A projeção para a inflação oficial brasileira em 2025 caiu pela sexta vez consecutiva, passando de 5,2% para 5,18%, conforme divulgado nesta segunda-feira (7) no Boletim Focus, relatório semanal do Banco Central. Apesar da queda, o índice ainda está acima do teto da meta estipulada para o ano.
A previsão refere-se ao Índice Nacional de Preços ao Consumidor Amplo (IPCA), principal indicador da inflação no país. A meta definida pelo Conselho Monetário Nacional (CMN) é de 3%, com margem de tolerância de 1,5 ponto percentual para mais ou menos — ou seja, entre 1,5% e 4,5%.

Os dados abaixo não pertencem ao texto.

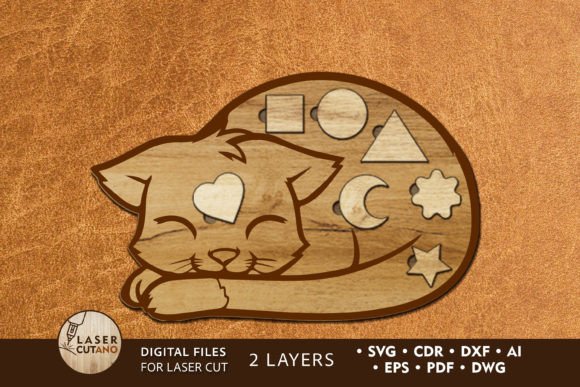 Puzzle for Kids Cat Shape Cut Template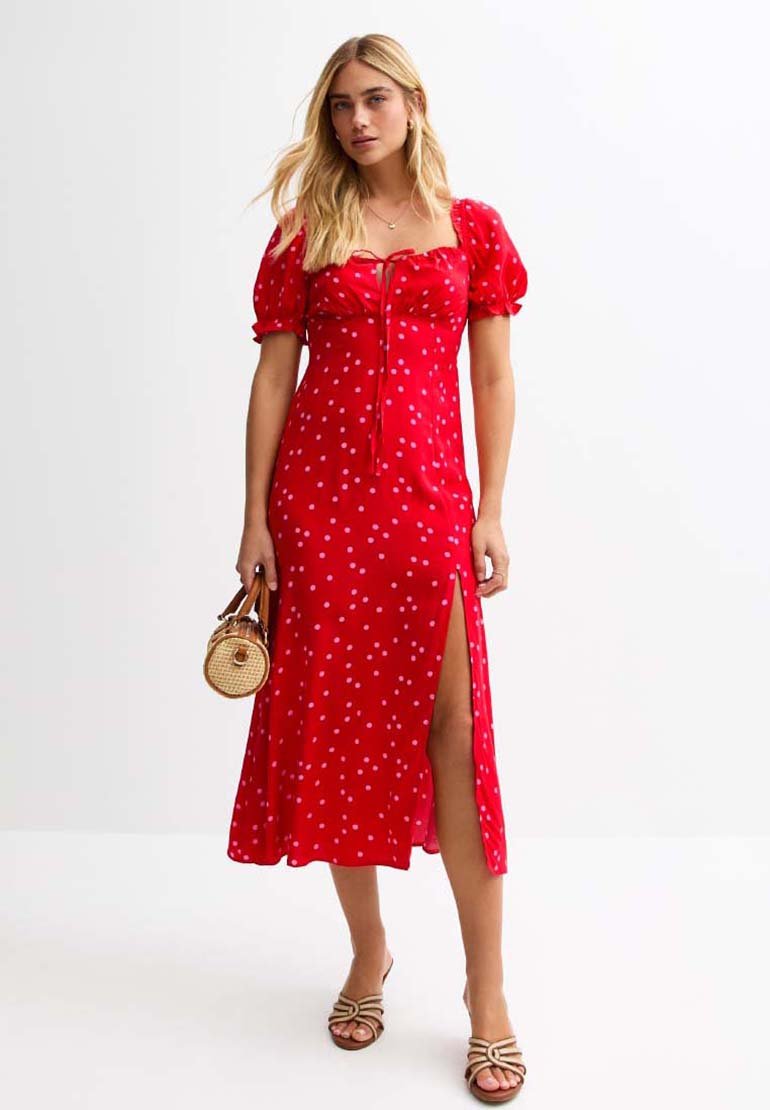 New Look POLKA DOT MILKMAID MIDI - Day dress - red pattern/mottled red - Zalando New Look POLKA DOT MILKMAID MIDI - Day dress - red pattern/mottled red - Zalando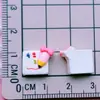 Mini Branco Pequeno Estilo Desenho Animado Brincalhão Material Artesanal Adesivos Cola Creme DIY Ovo Pochê Animal Acessórios de Resina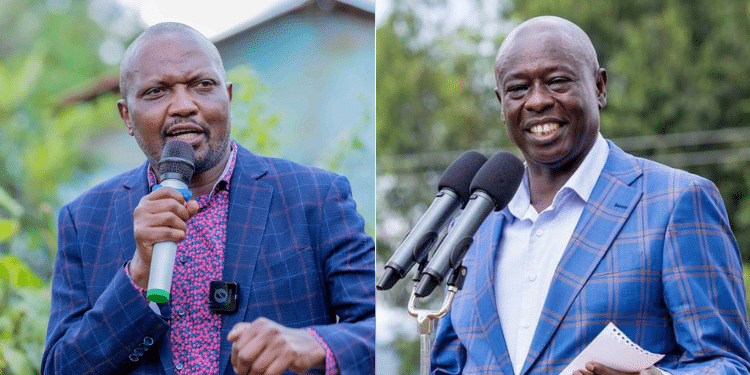 A photo collage of DP Rigathi Gachagua and Public Service CS Moses Kuria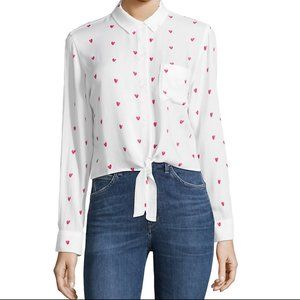 RAILS - Val Lipstick Hearts Tie-Front Blouse Sz S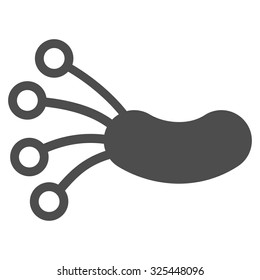 Infection Microbe vector icon. Style is flat symbol, gray color, rounded angles, white background.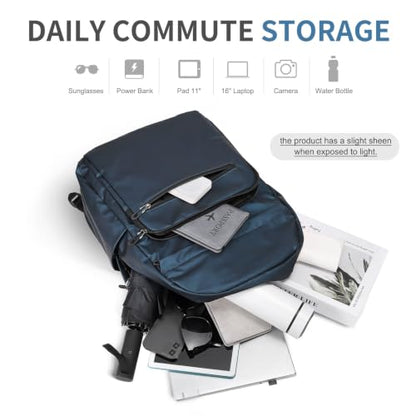 16 Inch Laptop Backpack for Men, Business Work Backpack for Everyday Commute, Waterproof Travel Office Computer Bag, Blue - color: Blue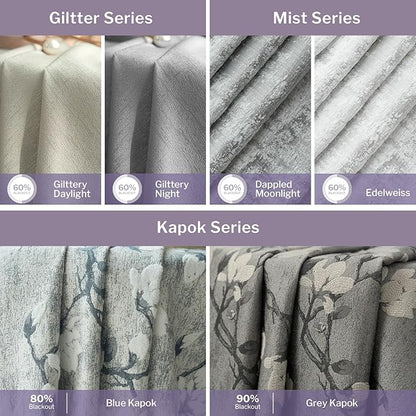 Graywind Custom Curtains Drapes for Sliding Door Room One-Way or Split Draw Curtain (Designed Series Fabric Samples)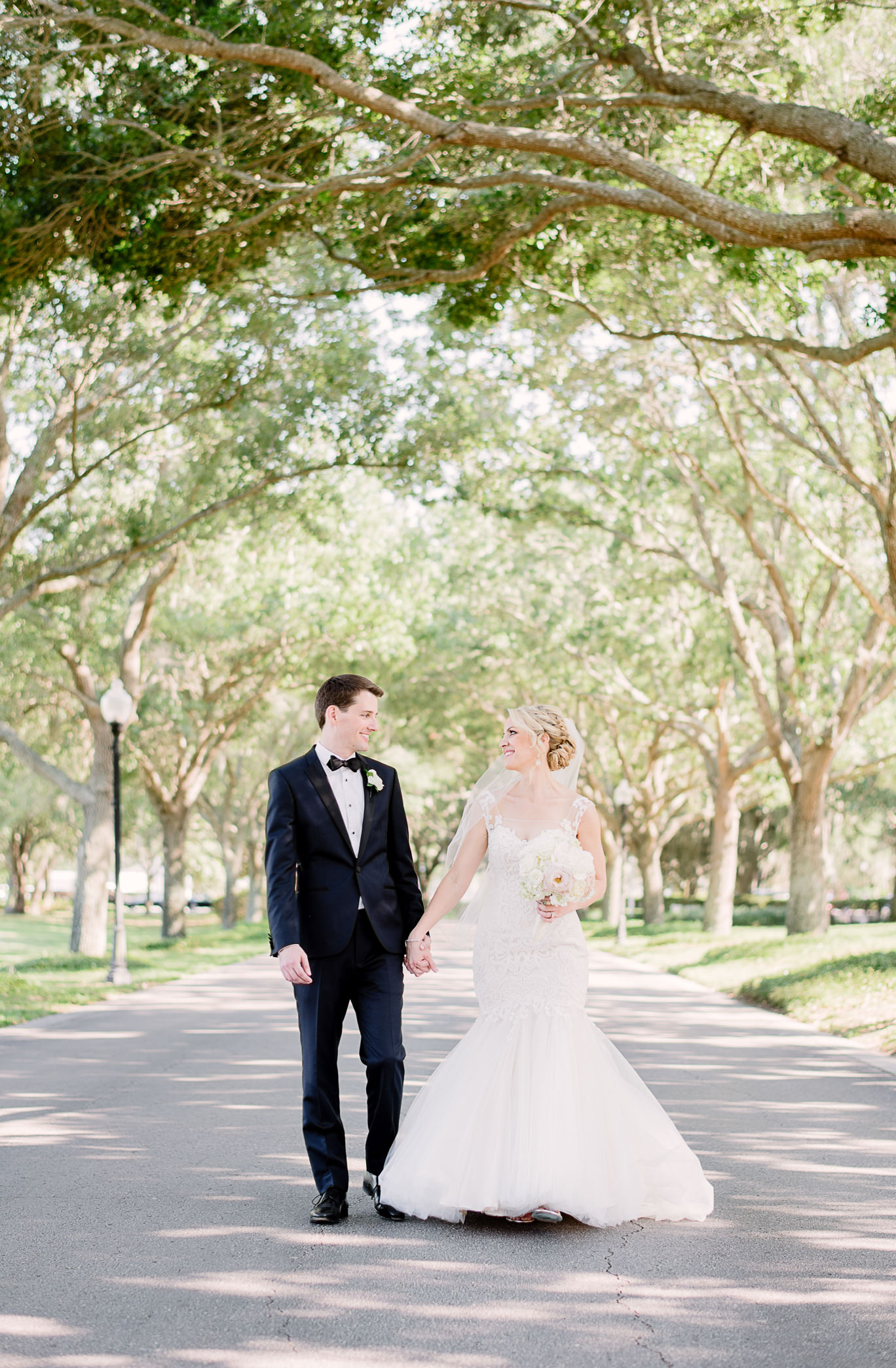 Giant Oak Tree Lined Street Wedding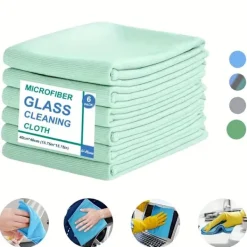 AIZHENCHEN Svampar & Dukar-6-pack Mikrofiber Glasrengöringsdukar - Ränderfria, För Fönster/Bil/Speglar, Återanvändbara 6 PCS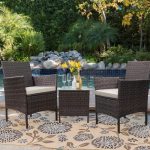 Patio Porch Furniture Sets 3 Pieces PE Rattan Wicker Chairs with Table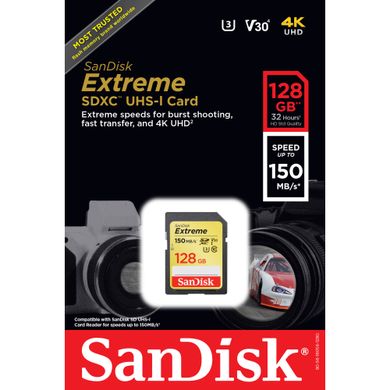 Купити Карта пам'яті SanDisk microSDXC Extreme 128GB Class 10 V30 до 150 МВ/с Без адаптера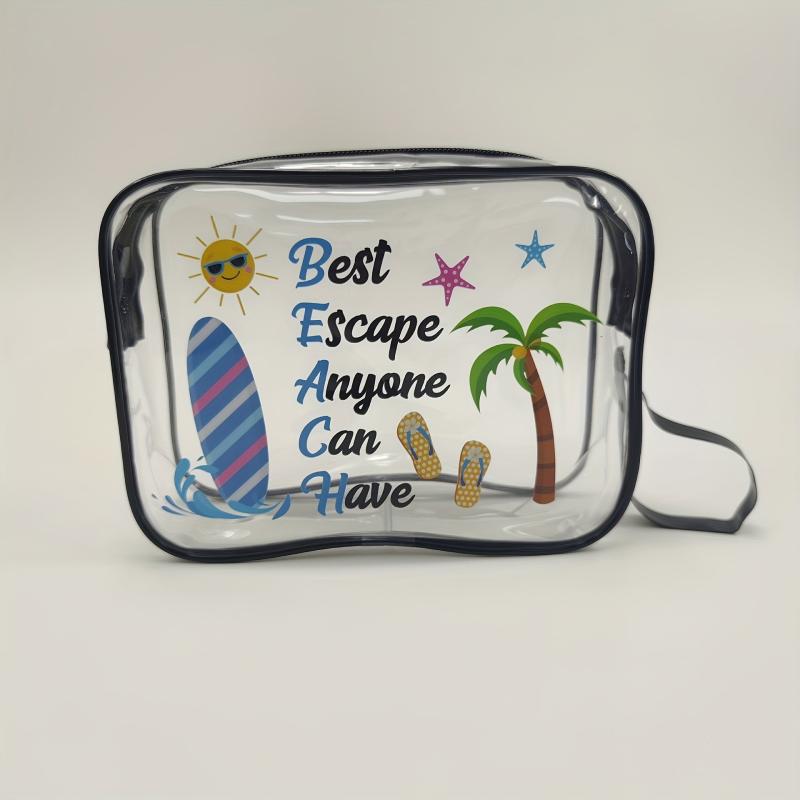 PVC Transparent Beach Cosmetic Bag Outdoor Multifunctional Wash Bag Print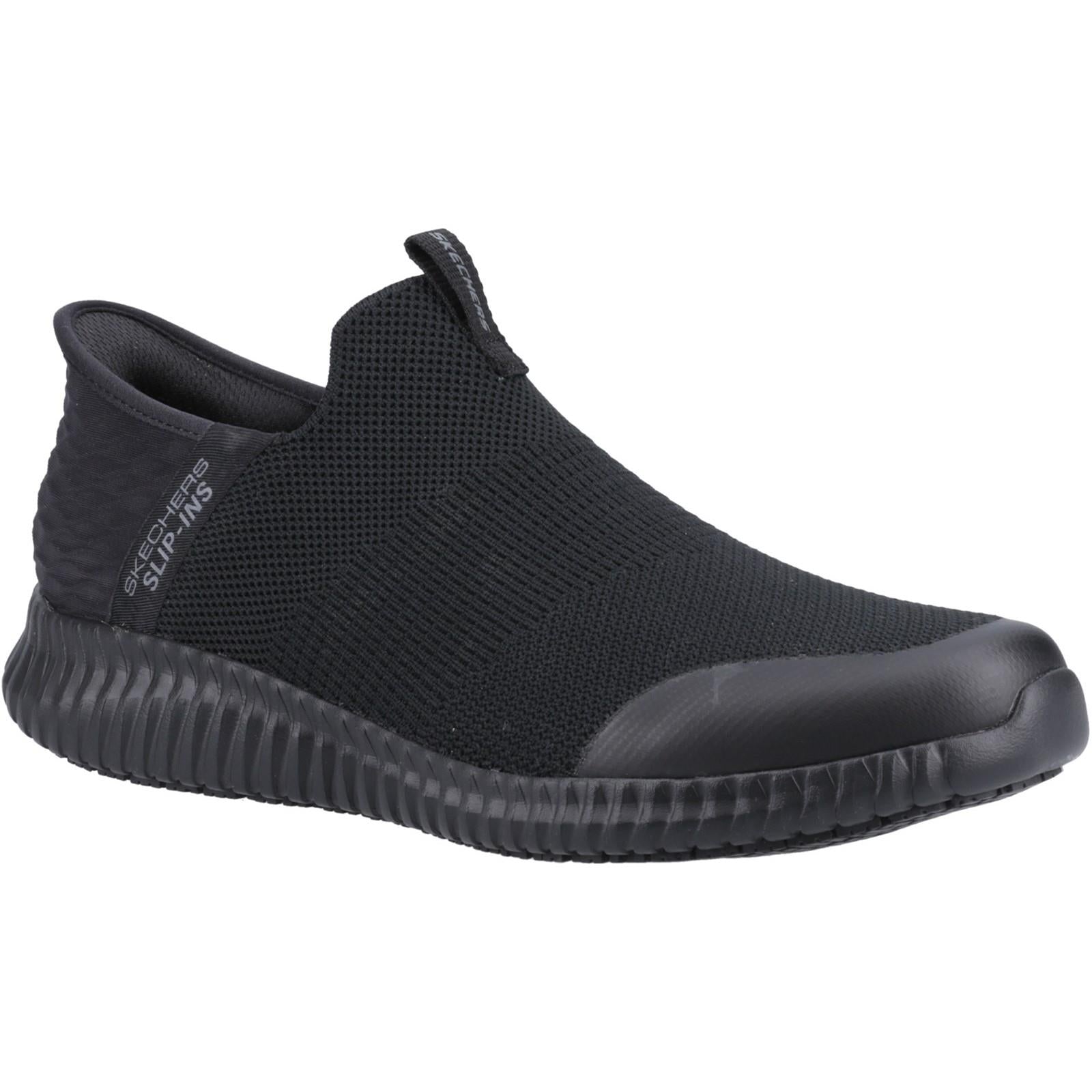 Skechers Slip-In Cessnock Rylind men's black mesh hands-free work shoe #SK200171EC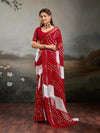 Georgette Multi ColourBandhni saree under 1000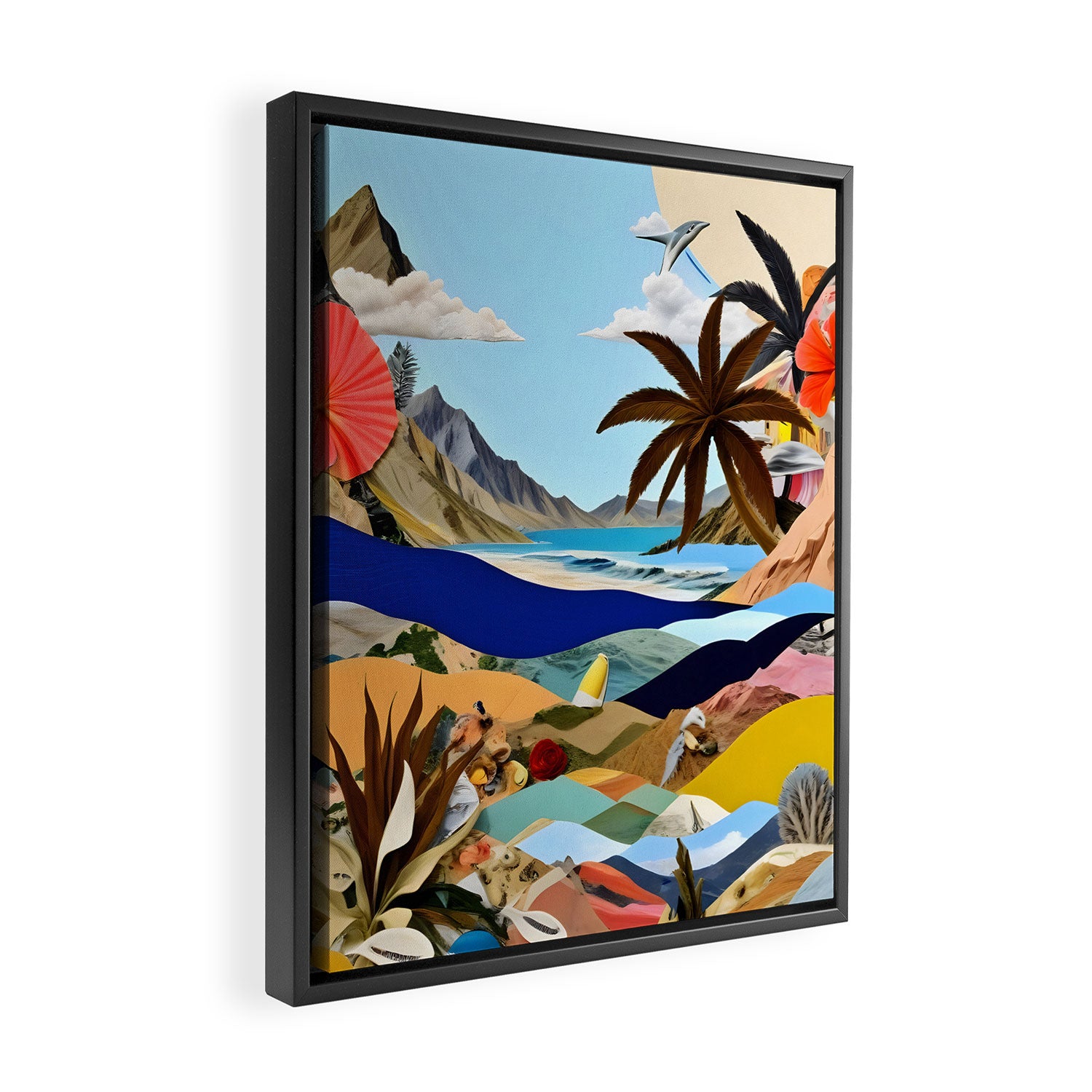 The Beach Bound Surrealist 01, Collage Fantastic Surrealism Wild Fantasy, Ocean Beach Sea Avant-Garde, Creative Photographic Digital Abstract Graphic Framed Canvas Print Gallery Image 2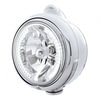 32437 by UNITED PACIFIC - Guide Headlight - 682-C Style, RH/LH, 7", Round, Polished Housing, H4 Bulb, with 34 Bright White LED Position Light and Top Mount, 5 LED Signal Light, Clear Lens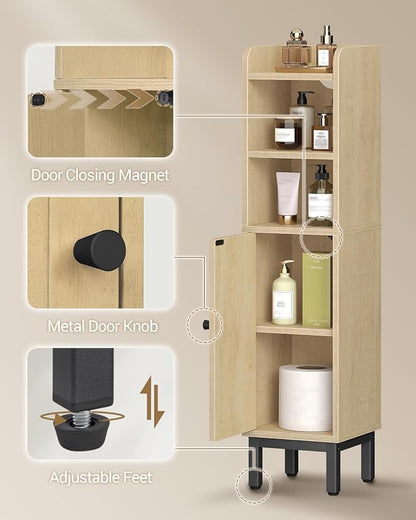 Hzuaneri Bathroom Storage Cabinet, Small Corner Floor Cabinet with Door and Shelves, Narrow Toilet Paper Holder, Bathroom Organizer with Adjustable Shelf, for Small Spaces, Rattan Yellow BC08202Y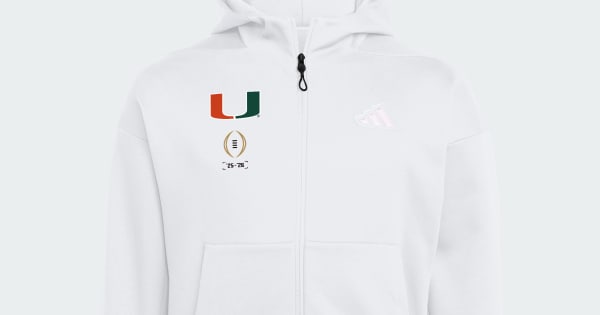 adidas MIAMI HURRICANES MENS ZNE HOODY - White | Free Shipping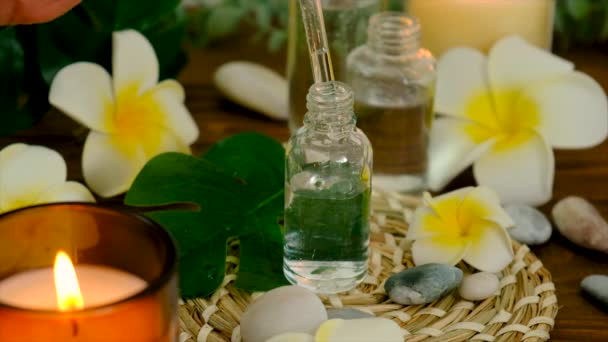 Spa Cosmetics Oils Face Body Care Selective Focus Nature — Stockvideo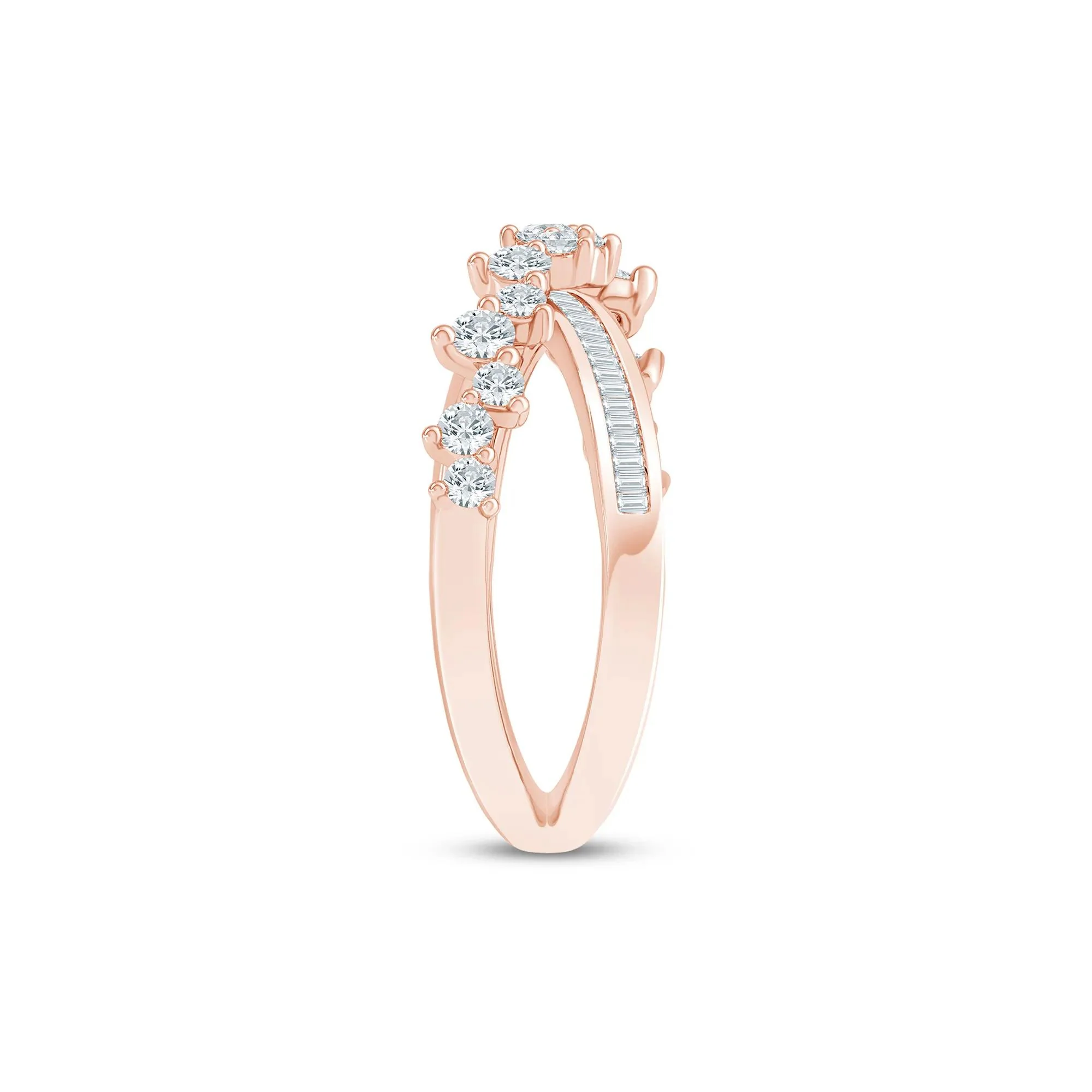 3/4 CT. Tw. Round and Baguette Diamond Crossover Ring 10K Yellow Gold Round Brilliant Cut Rose Size 9 2mm - Image 3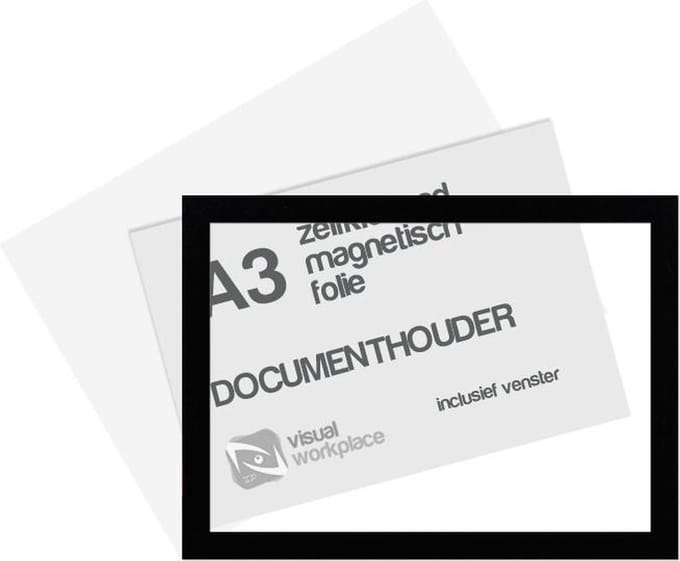 Zelfklevend magneet folie A3 (incl. magneetvenster) - Zwart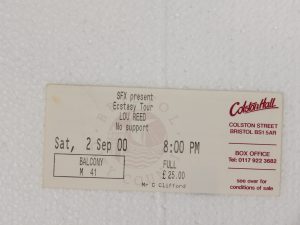 Lou Reed: Colston Hall, Bristol  2/9/2000  Original Ticket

Juros seguem altos para conter pressão inflacionária
Mesmo com a inflação em desaceleração nos últimos meses — o IPCA de maio foi de 0,26%, após 0,43% em abril —, o Comitê de Política Monetária (Copom) elevou a taxa Selic em 0,25 ponto percentual na última reunião, fixando os juros básicos em 15% ao ano.
Esse foi o sétimo aumento consecutivo no atual ciclo de aperto monetário. Em ata, o Copom indicou que deve manter a Selic nesse patamar nas próximas reuniões, mas não descarta novos ajustes caso o cenário inflacionário volte a se deteriorar.
Com isso, o mercado passou a prever que a Selic encerrará 2025 em 15% ao ano. Para os anos seguintes, as estimativas são:
12,5% em 2026
10,5% em 2027
10% em 2028
Inflação e crescimento esperados nos próximos anos
Além da revisão para 2025, o Boletim Focus manteve as projeções para os anos seguintes:
4,5% em 2026
4,0% em 2027
3,8% em 2028
PIB e dólar também foram revistos
A projeção de crescimento do Produto Interno Bruto (PIB) em 2025 foi levemente elevada, passando de 2,21% para 2,23%. A estimativa para 2026 caiu para 1,86%, enquanto 2027 e 2028 mantêm previsão de alta de 2% ao ano.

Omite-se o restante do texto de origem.